Current task definition in code:
- description and tiers: [server/tasks.py](../server/tasks.py)
- reward: [server/environment.py](../server/environment.py)
- grader: [server/graders.py](../server/graders.py)
## What We Changed
The original version was too close to a generic “keep max rho down” task. We changed it so the model focuses on actual cascade prevention.
Main changes:
- added tiered benchmark variants: `easy`, `medium`, `hard`, `extreme`
- made prompt logic explicitly prioritize `timestep_overflow`
- changed reward to penalize active overflow countdowns quadratically
- made automatic trips the main negative event
- changed the grader to track containment, thermal stability, and recovery speed
This follows the intuition from cascading-failure RL work: preventing line trips is not the same as simply lowering one summary metric. [1][2]
## Current Implementation
Reset:
- two lines disconnected
- load increase determined by benchmark tier
- `30`-step horizon
Prompt-side task rules now emphasize:
- countdown urgency through `timestep_overflow`
- “trip prevention first, margin improvement second”
- explicit overflow triage instead of purely global `max_rho` optimization
Current reward shape:
- `+0.3` when no automatic trip occurs in the step
- `-2.5` when an automatic trip is detected
- quadratic penalty over `timestep_overflow`
- small positive thermal-margin term
- strong negative penalties for convergence failure or blackout
- end-of-episode bonus if the horizon is survived with few auto-trips
Current grader:
- `50%` containment ratio
- `30%` stability ratio
- `20%` recovery score
## What We Observed
This task is one of the clearest SFT wins in the project.

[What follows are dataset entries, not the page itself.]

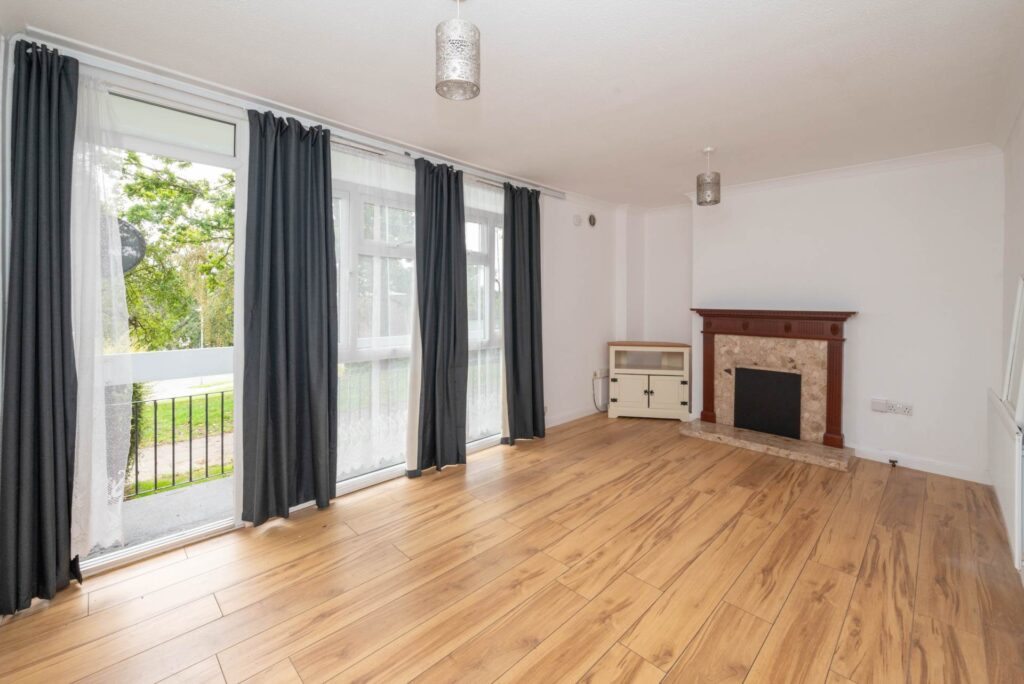 Property Image 0 Image 0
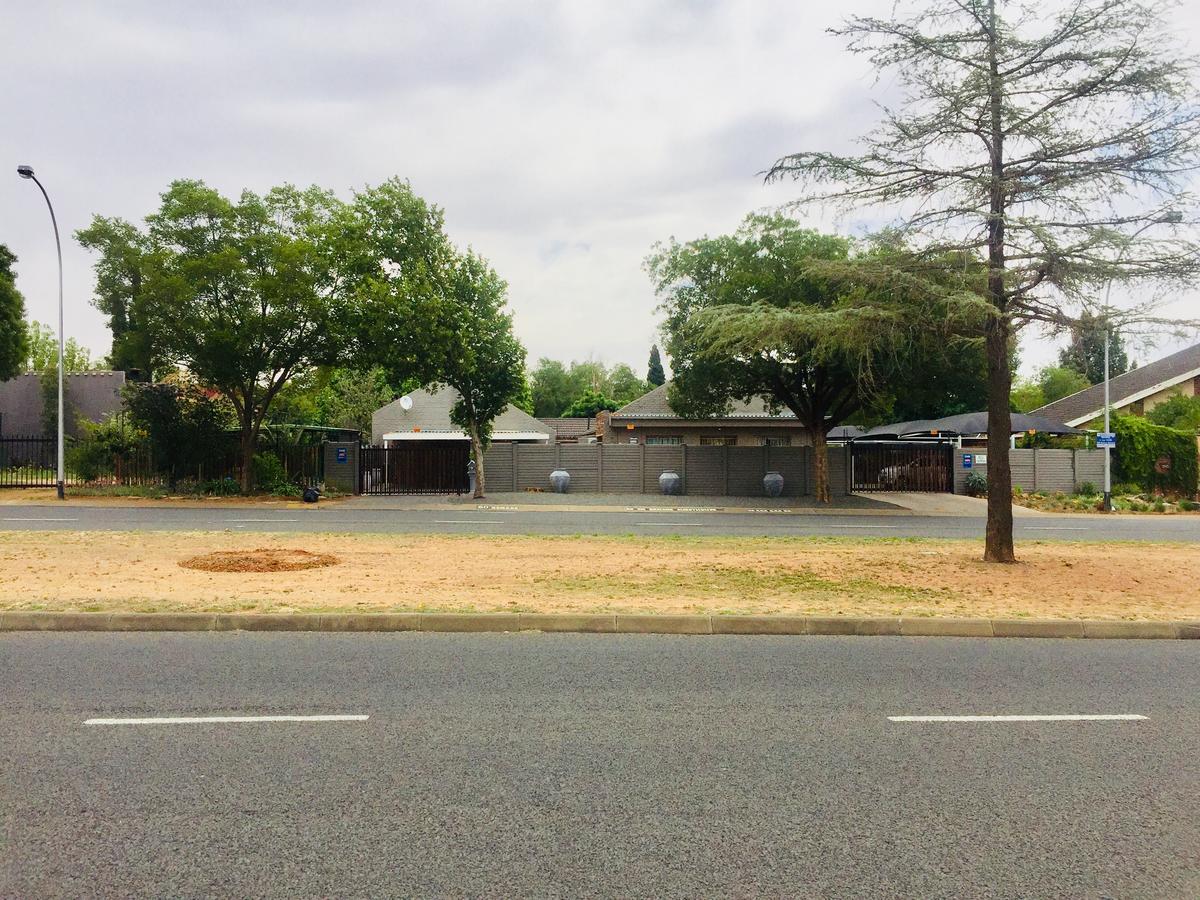 Appartamento 80 On Benade Bloemfontein Esterno foto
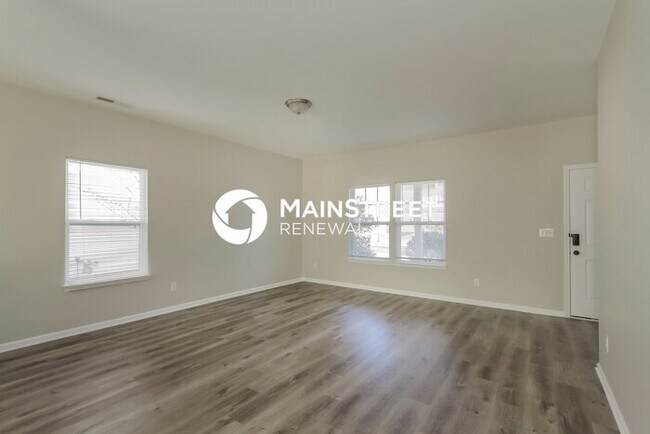 Building Photo - 3 Bedroom Pet-Friendly Home in CHARLOTTE, NC with Main Street Renewal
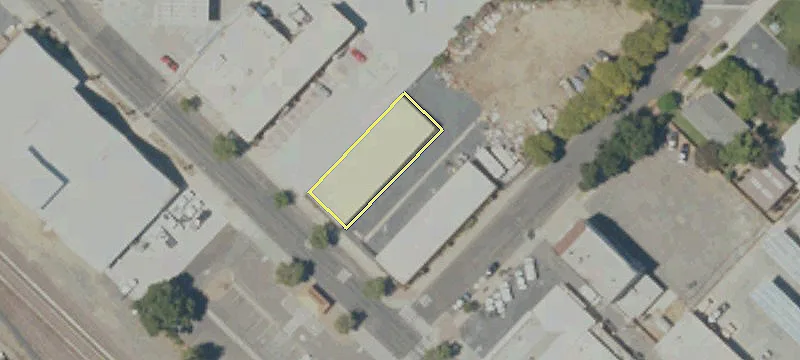 1574 Main St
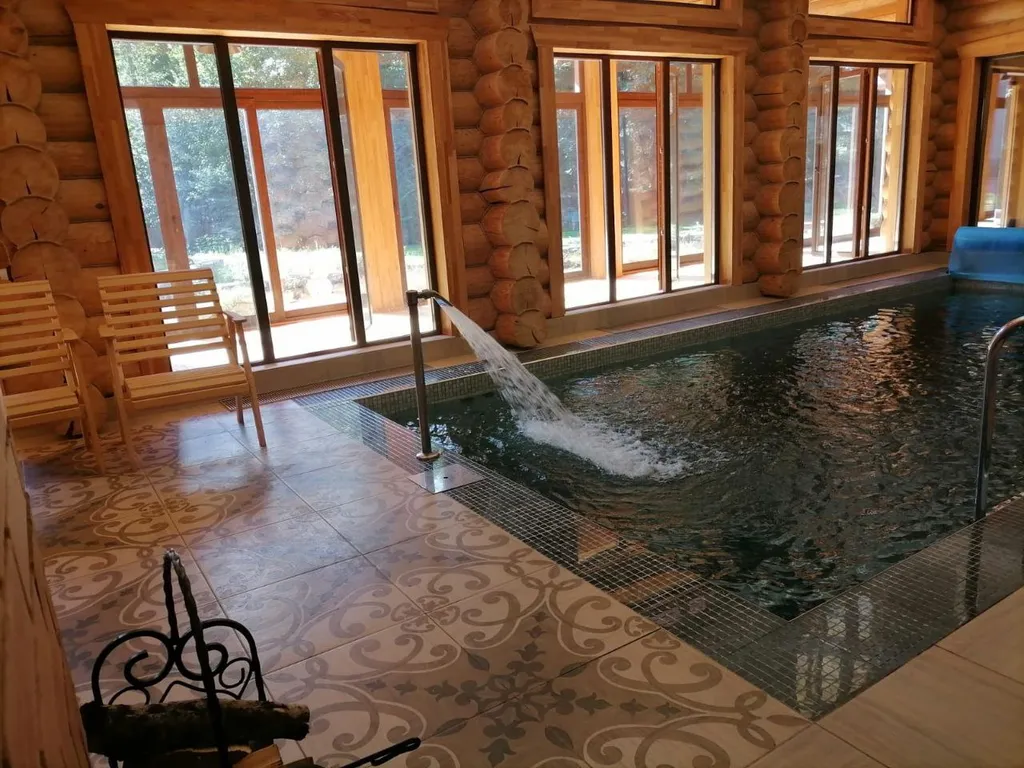 Уютный коттедж из бруса с бассейном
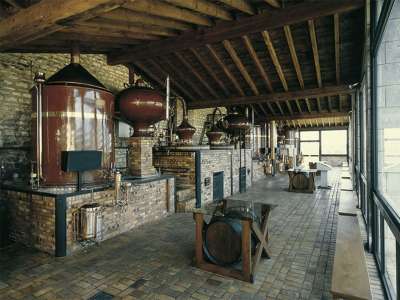© Alambics à la Distillerie du Château de Beaulon, Étapes du Cognac, à Lorignac en Haute-Saintonge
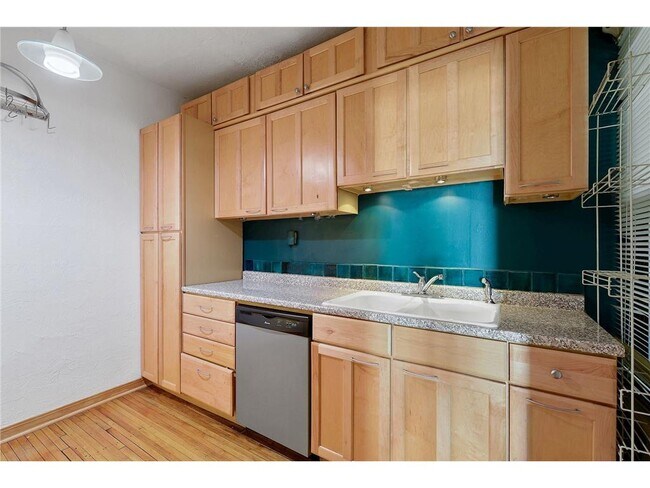 Photo - 11 S 12th St Unit 203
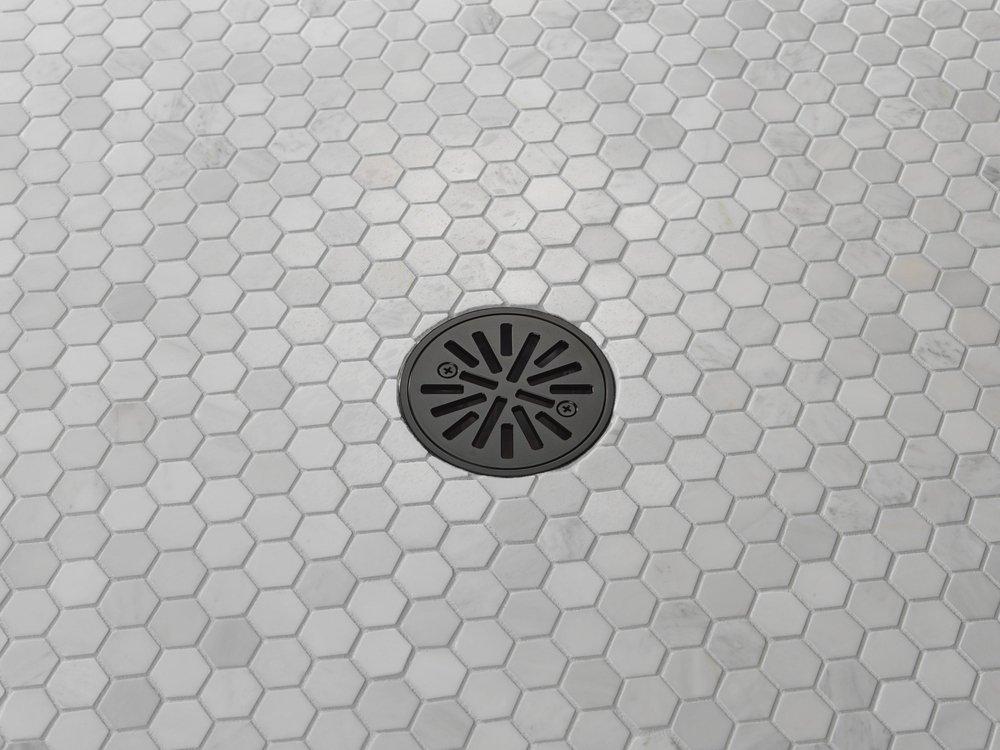 DELTA OTHER: 4 TILE-IN ROUND SHOWER DRAIN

Final SFT result, seed block `0..4`:
- `0.990`
Final SFT result, unseen seeds `100..102`:
- `0.990`
Base-model result on seed block `0..4`:
- `0.000`
This gap is one of the strongest pieces of evidence that the verified-candidate SFT pipeline learned the environment-specific action protocol and avoided invalid unsafe behavior.
## Current Limitation
This task still uses a simplified cascade-prevention setting rather than a full utility-grade remedial-action pipeline. That is intentional. The benchmark is designed to be reproducible and to isolate control quality under constrained action selection.
## References
[1] Mitigating cascading failure in power grids with deep reinforcement learning-based remedial actions:
https://www.sciencedirect.com/science/article/pii/S0951832024003156
[2] Deep Reinforcement Learning for Power Grid Multi-Stage Cascading Failure Mitigation:
https://www.climatechange.ai/papers/iclr2025/1
[3] Local implementation:
[server/tasks.py](../server/tasks.py), [server/environment.py](../server/environment.py), [server/graders.py](../server/graders.py), [inference.py](../inference.py)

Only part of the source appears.